Without changing a word, repeat the data, and include no pictures.

(Extracted data entries)
[Start of section]
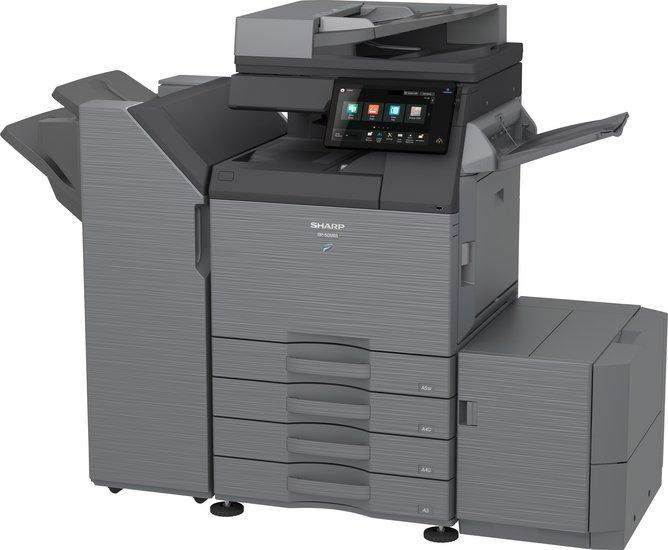 Sharp BP-50M36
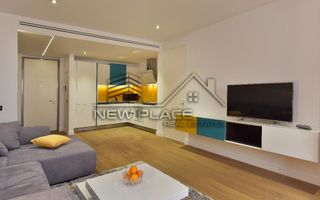 Cortina Residence | Studio exclusivist | Vedere libera | LUX - Poză 4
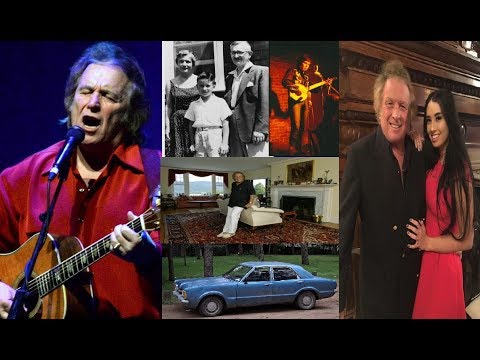 Video: Don McLean Net Worth: Wiki, Sposato, Famiglia, Matrimonio, Stipendio, Fratelli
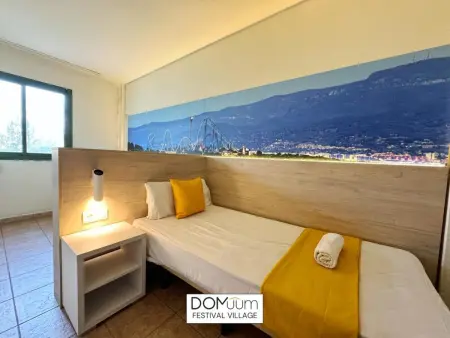Appartement Moderne à Salou: Piscine, Proche Plage, Climatisé, Wi-Fi Gratuit, Terrasse - Photo 15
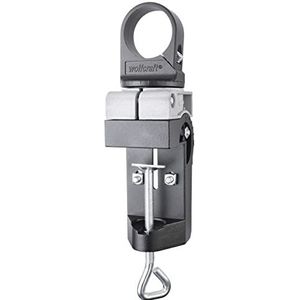 Kombihalter für Bohrmaschine Bohrmaschinenhalter Halterung - Wolfcraft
[End of section]
### Problem solution
 Sharp BP-50M36
 Cortina Residence | Studio exclusivist | Vedere libera | LUX - Poză 4
 Video: Don McLean Net Worth: Wiki, Sposato, Famiglia, Matrimonio, Stipendio, Fratelli
Appartement Moderne à Salou: Piscine, Proche Plage, Climatisé, Wi-Fi Gratuit, Terrasse - Photo 15
 Kombihalter für Bohrmaschine Bohrmaschinenhalter Halterung - Wolfcraft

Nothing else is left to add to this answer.